Cet élan de solidarité est sans précédent dans ce milieu. D’autant plus qu’il s’agit ici d’argent, de beaucoup d’argent, réputé pour avoir la capacité de détruire la plus forte des relations de confiance entre les individus.

Le grand perdant

Bien qu’il soit très complexe d’apposer le mot victoire à ce mouvement, il n’en demeure pas moins que l’un des objectifs de la communauté voulant marquer un gros coup contre les fonds d’investissement ayant short massivement l’action de Gamestop peut être qualifié de réussi. En effet l’histoire retiendra le nom de Melvin Capital Management comme principal perdant, ce fond spéculatif notamment connu pour ses paris à découvert s’est vu infligé des pertes colossales. Durant les trois premières semaines de l’euphorie, le fond aurait essuyé des pertes de plus 3,5 milliards de dollars. Ces chiffres pourraient être réévalués à la hausse si l’on prend en compte d’autres opérateurs qui auraient short sans pour autant le déclarer.

Conclusion

Les rouages de cette affaire ont donc les caractéristiques adéquates pour la production d’un film sensationnel. L’adage “l’union fait la force” adapté au progrès et aux pratiques interactives actuelles n’aura jamais été plus parlant.

Bien qu’un pavé soit jeté, il n’en demeure pas moins que le secteur de la finance, de par ses moyens s’avère être un océan et non une mare. Impactant donc peu au final les établis en vigueur.

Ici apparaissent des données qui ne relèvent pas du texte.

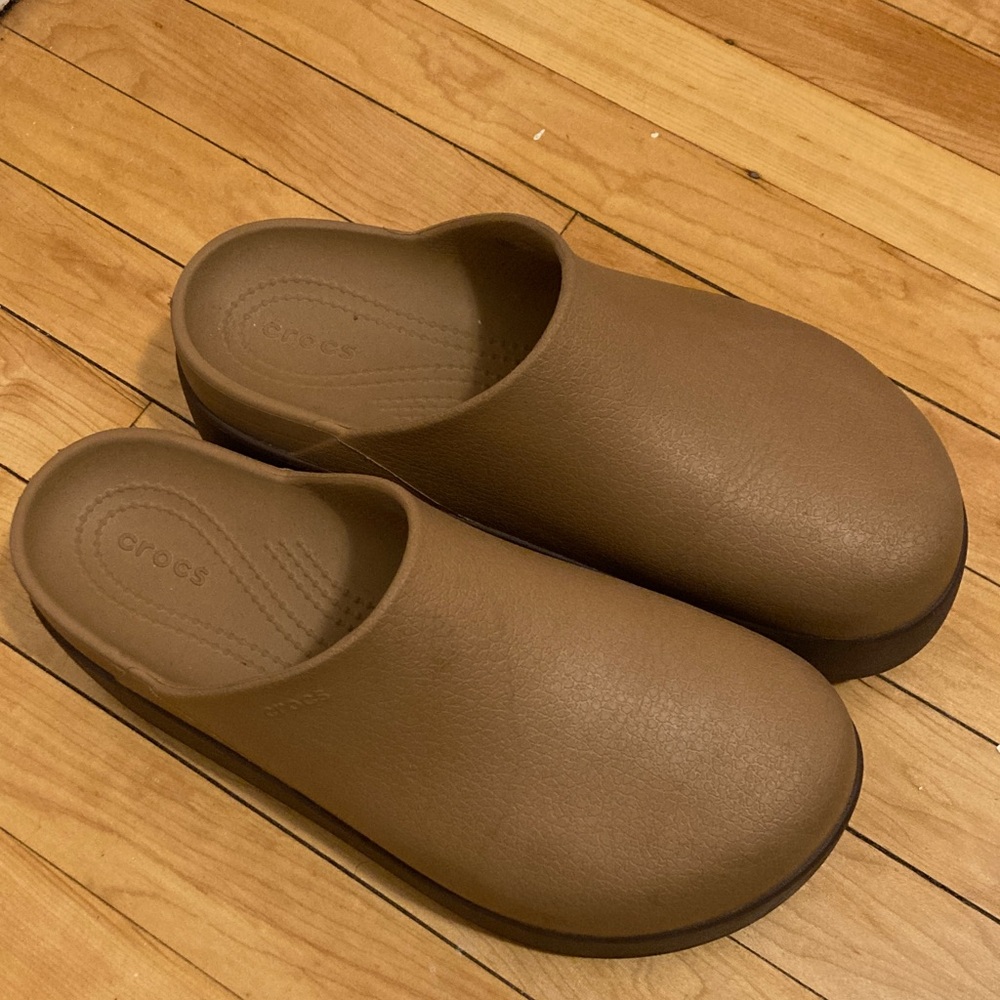 CROCS Platform Dylan Clogs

Ainsi,  dire qu’un rassemblement d’individus issus du peuple a réussi à “battre” Wall Street semble aller vite en besogne, car, bien que des milliards aient été plus ou moins “redistribués”, ces quelques acteurs du milieu financier ne représentent pas la globalité du secteur.

Cette expédition punitive par le peuple a non moins révélé au grand jour les contours d’un système dont l’opacité autour des pratiques semble vive malgré les instances de contrôle existantes.